Tea Party Patriots, which helped put together a September rally that drew tens of thousands to Washington, view the confab — which is being held at Nashville’s swank Opryland Gaylord hotel — as the “usurpation of a grassroots movement,” according to Mark Meckler, a leader of the group. “Most people in our movement can’t afford anything like that,” Meckler told TPMmuckraker, referring to the price tag. “So it’s really not aimed at the average grassroots person.”
Robin Stublen, a Tea Party Patriots volunteer, echoed that view. “This convention is $550 dollars,” said Stublen. “How grassroots is that?”
Not only is the price of the convention exorbitantly prohibitive for most, but organizers don’t seem to want any press coverage either.
Today, David Weigel pointed out the preliminary list of scheduled breakout topics and among them is one entitled “Why Christians Must Engage,” run by Rick Scarborough. Maybe the event organizers are afraid that the media might see Republican leaders like Palin and Bachmann sharing the stage with the likes of Scarborough:
Scarborough, who served on Mike Huckabee’s Faith and Values Committee during the latter’s presidential campaign, unleashed a fiery sermon more befitting a Sunday sermon than a political gathering.
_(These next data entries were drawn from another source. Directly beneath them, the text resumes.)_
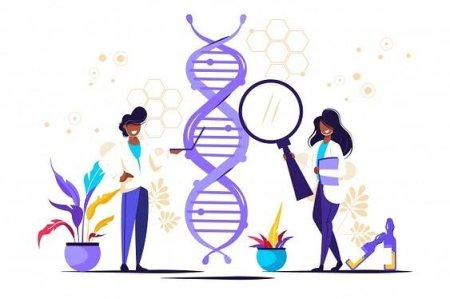 ДНК прикольные картинки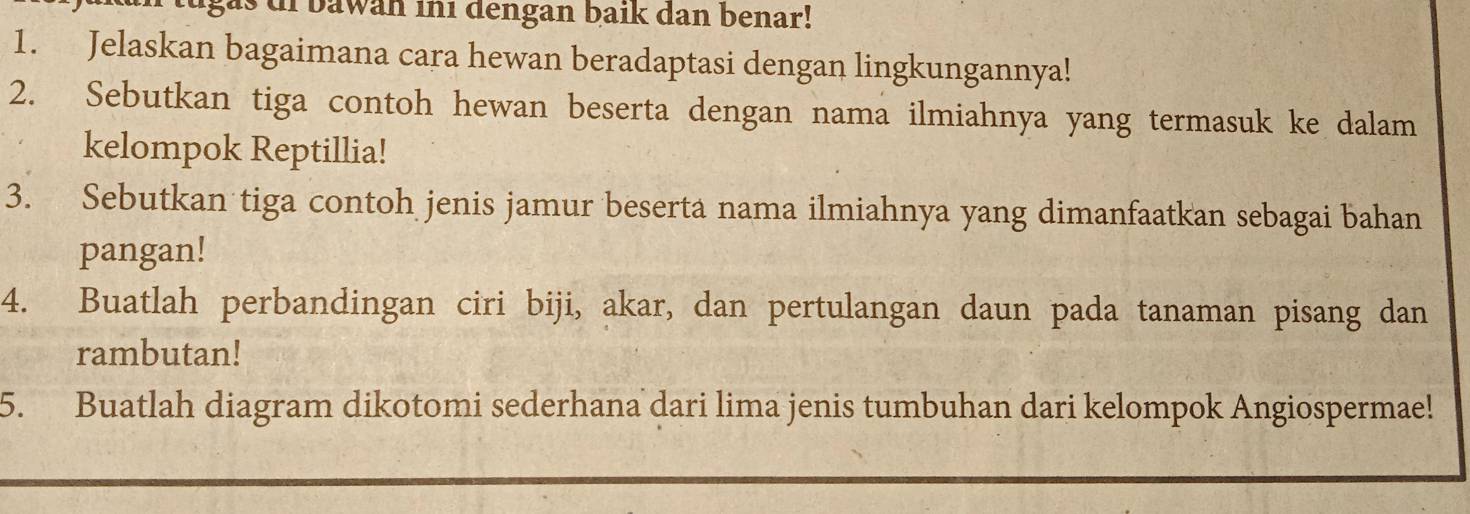 gas di bawan ini dengan baik dan benar! 
1. Jelaskan bagaimana cara hewan beradaptasi dengan lingkungannya! 
2. Sebutkan tiga contoh hewan beserta dengan nama ilmiahnya yang termasuk ke dalam 
kelompok Reptillia! 
3. Sebutkan tiga contoh jenis jamur beserta nama ilmiahnya yang dimanfaatkan sebagai bahan 
pangan! 
4. Buatlah perbandingan ciri biji, akar, dan pertulangan daun pada tanaman pisang dan 
rambutan! 
5. Buatlah diagram dikotomi sederhana dari lima jenis tumbuhan dari kelompok Angiospermae!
But since the two are essentially one in the same for Scarborough and the other participants, his proclamations that he is neither a Republican nor a Democrat but rather a “Christocrat” who will support only candidates who proudly stand up on the campaign trail and say “yes, there’s a God” and who realizes that the Constitution is a godly document designed to guide this nation by Christian principles, just as the Bible is designed to guide the lives of all of mankind. He then rails against Republican failures to defund the Department of Education and Planned Parenthood before turning his attention to President Obama and “his minions” who are intent on giving civil rights to “sodomites” while banning the Bible and putting Christians in jail. Eventually he turns to the “shadow government” constructed by President Obama filled with “well-financed, well-heeled, and highly-staffed professional infidels who have dedicated their life” to destroying America.